In her heyday, my aunt was married to a Ukrainian footie player. He adored her, but she left him anyway. My only memories of him take place already after the divorce, when he would show up at our house with a bag of sweets for me, his muddy trainers resting in the hallway like worn-out horses. My aunt regretted leaving him, and it is as if her rue has somehow managed to seep into my childhood dreams, making my soul ache all over each time I watch a game.
Football used to divide my household by gender lines. The men watched, drank beer, and screamed “ai!” at the television set, while the women smoked irritably in the kitchen. My hormones tore away at the system. I came of age and realized that I quite liked the game, not to mention the thick calves and shaggy hair of the players.
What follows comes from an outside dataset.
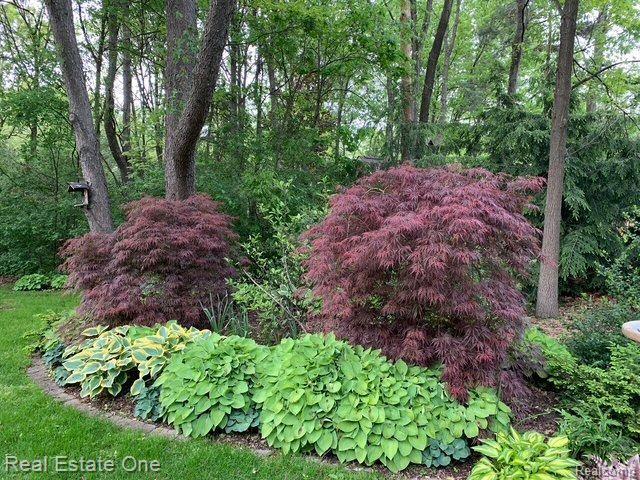 9316 LAKEBLUFF Drive, Clarkston, MI 48348 — Photo 97
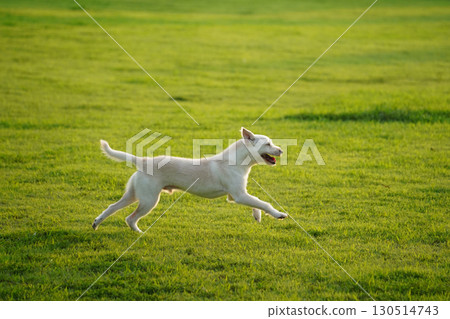 Happy White Mixed Breed Dog Running in Green Grass Happy White Mixed Breed Dog Running in Green Grass 130514743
The players were the perfect fantasy: abstract and real, graceful, fit, with success resting on something as deceptively simple as getting the ball past the goalkeeper. If goal = eternal happiness, then I could be more than comfortable with such an arrangement. My attachment to football became both sexual and traditional. It was the perfect opportunity to bond with my father, provided I didn’t lick my lips too obviously as the latest eighteen-year old prodigy thumped the ball on his pretty head and into the spiderweb of the goal.
My mother did everything in her power to turn me off of football. She reminded me of the fact that football can cause serious injury and that the players were egocentric imbeciles who dated trashy women.
“My aunt is a trashy woman?”
“Her husband was the exception!”
“Not an egocentric imbecile then?”
“No. But he was the only one.”
“Are you telling me that in the entire world of international football [auntie’s husband] is the only decent human being?”
“Yes. Now take the trash out.”
“But the penalty…”
“TAKE THE TRASH OUT.”
My mother saw my conversion to the cult of football as a dangerous shift against the gender norms that were most familiar to her. I didn’t just like men, I ogled them. I wasn’t merely looking for a mate who would father viable offspring and provide me with trips to the coast every year, I actively championed the notion of enjoying men’s looks. On some level, sports culture appealed to me precisely because of its lack of depth, its potential to be attractive and uncomplicated at the same time. I was like a gay man trapped in a woman’s body, lascivious and unstoppable.
And while she worried about the consequences of my cavalier approach to the male gender, my mother missed out on the poetry I saw in football: its potential to bring people together (like my father and me), its simple sorrows and joys, its elegance and grit, something about the trajectory of the flying ball and the swift leg retreating after a kick and the octopus arms of the goalkeeper and the roar of the crowd all mixing together in a symphony that transcended all matters of human difference and discord.
Football is both insidious and pure. It’s corroded by class and money, it does weird things to one’s pride. It’s as much a part of family lore (echoes of a regrettable divorce, beer bottles, arguments) as it is of world history. It can define a nation, particularly in cases such as Ukraine’s fledgling program recovering after the Fall, or the scorn indirectly heaped on the Saudi Arabian government and its policies following the 8-nil debacle of 2002, or the loneliness a fan might feel in apathetic America during the biggest challenges that face her team in the World Cup.
And the World Cup is as much a time of shouting at a television as it is a time of reflection and quiet, burning shame. Shame, because once upon a time, I was a girl who did not behave like a girl. I would not be found at the kitchen. I would not lower my gaze. I was a frothing-at-the-mouth-leaping-off-the-couch football fan, and that has made all the difference.